The game/sport has, of course, become populated by more even-tempered young men who are perfectly nice but not half as interesting. For instance, they appear each day looking as though they have had a good night's sleep, as opposed to having been out trawling the back streets of Sheffield. Their expressions offer nothing but inscrutability.

God be with the days when the man at the bad end of a century break could be seen in the background anxiously lighting up and firing back a swift settler. When they win now, players appear satisfied, at best, and when they lose they are contemplative and vow to work harder, which they quite probably do.

It would be interesting to establish if the profile of the TV snooker audience has changed much over the last two decades. At one stage during the week, David Vine invited us to go out to our kitchens to "make a cup of sherbert". Sherbert? Who was he talking to? Nora Batty?

At these world championships, frames were won and lost as always, but there was no sense of impending catastrophe, no real doom in the eyes of any of the contenders. Which, if we are honest, is what made the great days of snooker just that.

But still we watch, as if faithfully tuning into a soap that has lost almost all its great characters but remains an unbreakable habit. And maybe we stay loyal because, every so often, a great old yarn comes to light, a good, old-fashioned dollop of human interest.

This year we got our story. A favourite emerged. With Jimmy White obligingly betraying us yet again, Joe Swail stepped forward as our flawed hero. Joe, with his much publicised hearing impediment, and his initial shyness in the interview rooms which gave way to devilish humour.
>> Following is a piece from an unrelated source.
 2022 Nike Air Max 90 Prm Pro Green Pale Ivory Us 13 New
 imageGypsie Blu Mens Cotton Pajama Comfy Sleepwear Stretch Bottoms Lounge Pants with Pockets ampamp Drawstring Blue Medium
Day after day it seemed was a last chance saloon and still he emerged unscathed.

We loved Joe because he was so patently thrilled just to be on our screen, to still have reason to have his shirts pressed at quarter-final time. When he fought back to 11-13 in the semi-final against Matthew Stephens, it was time to give way to fairy stories.

By Saturday evening, it was clear it wouldn't happen. Joe gamely took the first frame of the session, but then they just wouldn't fall and his opponent strolled it.

But it didn't matter because we still got the gesture, the fleeting improvisation that sets him apart. Trailing 12-15 and seeing his one shot at the dream dissipating, Joe made a hash of a shot on a red, but he fluked another red and in the process almost snookered himself. The crowd tittered. Joe was on the ropes.

So what did he do? Walked up to the camera and threw us all a big jaunty wink. It was a spontaneous shrug of what-the-hell fatalism. And it told us what we knew: whatever qualities Joe lacks at the table, the guy's sure got class.